↓

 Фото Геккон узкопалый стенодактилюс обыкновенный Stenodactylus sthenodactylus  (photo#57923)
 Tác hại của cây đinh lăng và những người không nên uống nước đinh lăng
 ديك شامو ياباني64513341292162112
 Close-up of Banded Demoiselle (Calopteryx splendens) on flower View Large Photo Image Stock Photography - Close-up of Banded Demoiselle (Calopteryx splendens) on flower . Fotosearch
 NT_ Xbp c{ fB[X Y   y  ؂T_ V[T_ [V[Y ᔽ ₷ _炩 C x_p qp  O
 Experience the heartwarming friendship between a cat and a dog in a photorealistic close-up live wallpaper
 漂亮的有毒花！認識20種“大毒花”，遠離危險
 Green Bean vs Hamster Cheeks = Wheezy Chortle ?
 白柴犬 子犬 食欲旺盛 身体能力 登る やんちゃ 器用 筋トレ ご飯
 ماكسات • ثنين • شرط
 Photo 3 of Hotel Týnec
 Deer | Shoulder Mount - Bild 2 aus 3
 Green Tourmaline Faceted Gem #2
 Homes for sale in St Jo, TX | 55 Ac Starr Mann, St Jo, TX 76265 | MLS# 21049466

↑

■ TRY IT
The line containing "Green Tourmaline Faceted Gem #2" marks the start. Repeat it and every line after it to the end of the listing above, exactly.

■ EXERCISE OUTPUT
 Green Tourmaline Faceted Gem #2
 Homes for sale in St Jo, TX | 55 Ac Starr Mann, St Jo, TX 76265 | MLS# 21049466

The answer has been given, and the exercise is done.